Hacker News new | past | comments | ask | show | jobs | submit login
Mike Stonebraker: The "NoSQL" Discussion has Nothing to Do With SQL (acm.org)
51 points by neilc on Nov 5, 2009 | hide | past | favorite | 35 comments



Guys, please check his Wikipedia page before starting some random rambling. This guy is a living legend and has several of the most prestigious awards. He also is/was an entrepreneur and large DB corp CTO. Oh, and a very early open source advocate and developer. Among many other things.

Don't say something stupid just because you like NoSQL. In fact, he was an early and strong critic of the one-size-fits-all commercial RDBMS solutions.
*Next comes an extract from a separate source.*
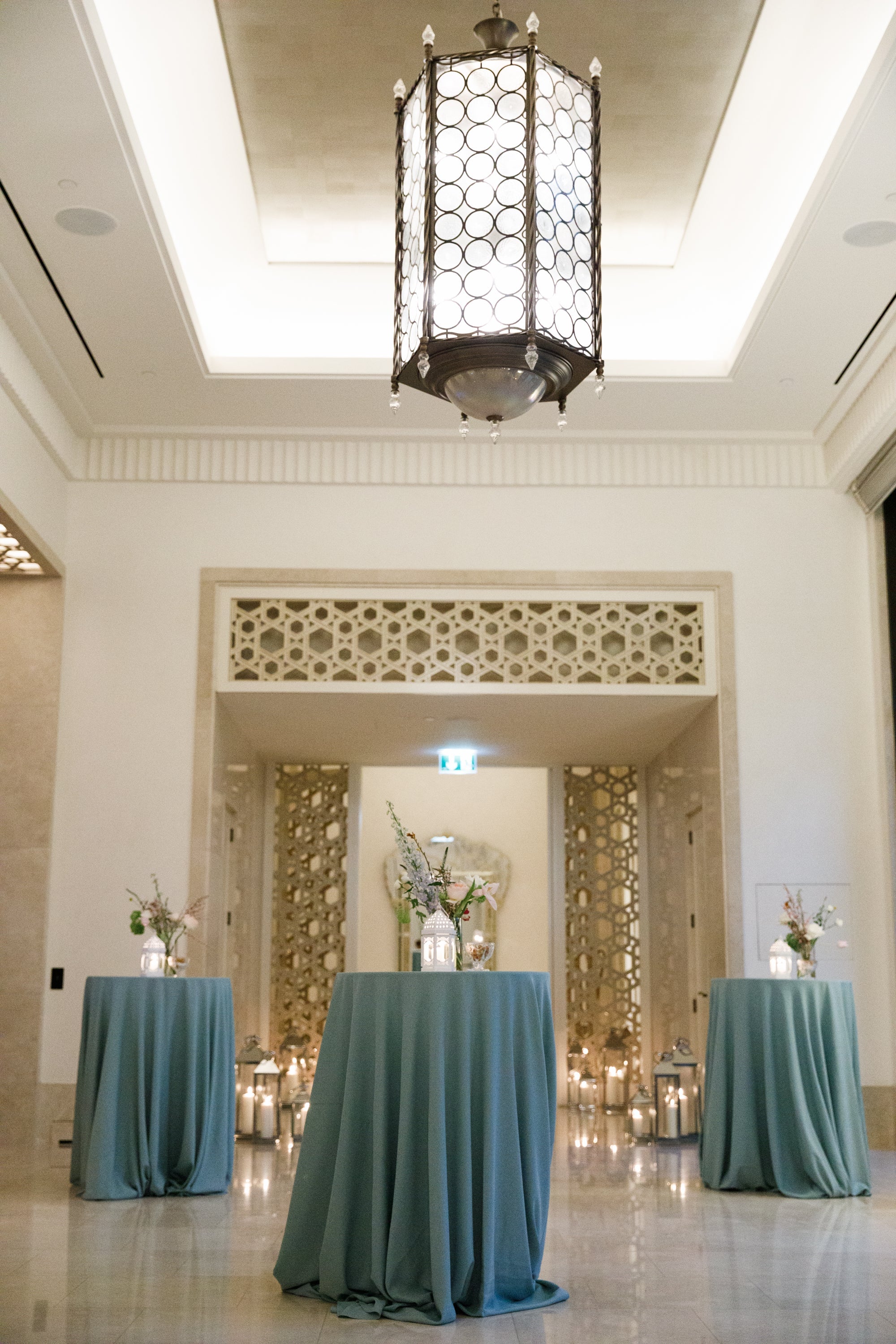 Round table cocktail setup, featuring a wooden cocktail table with a blue cloth, suitable for various events and adaptable with different tablecloth styles.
  [...] These papers presented reasons and experimental evidence
  that showed that the major RDBMS vendors can be outperformed
  by 1-2 orders of magnitude by specialized engines in the data
  warehouse, stream processing, text, and scientific database
  markets.
1-2 orders of magnitude, that is in the range of 2-99 times faster.
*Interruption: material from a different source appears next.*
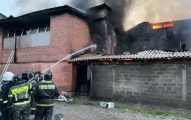 В Красноярске потушен крупный пожар на мебельном складе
And in particular, if you didn't read at least 5 of his papers you can't pretend to have a clue about how database engines, and in particular the major RDBMS, work.

Thanks.

[A n00b DB engine writer, currently working on a non-SQL database]

PS: If I get to achieve 10% of what he did so far in his life I'd consider my life amazing. And he is still making new things. Respect!


I'm a bit shocked by your post. So because he is a living legend one should not say nothing before reading all the papers cited even if from the article his point is already clear and one may say something meaningful even as a modest developer?

I'm going to say one for instance: the article's main point is about the fact that because of a threaded and disk-based architecture you can't get much faster than well engineered SQL architectures. For instance Redis is completely excluded from this reasoning, being in-memory and single-threaded.

Another point: where are the numbers? For instance I can trivially give proof that Redis can handle 150,000 operations/second per core in a decent Linux Box. I want to know what's the performance of the SQL solutions cited in the article.

Another one: all the SQL solutions cited in the article are names I never heard before of today. NoSQL DBs are tar.gz you can download for free from sites and compile now without paying nothing.

Respect does not mean to shut up.


> the article's main point is about the fact that because of a threaded and disk-based architecture you can't get much faster than well engineered SQL architectures.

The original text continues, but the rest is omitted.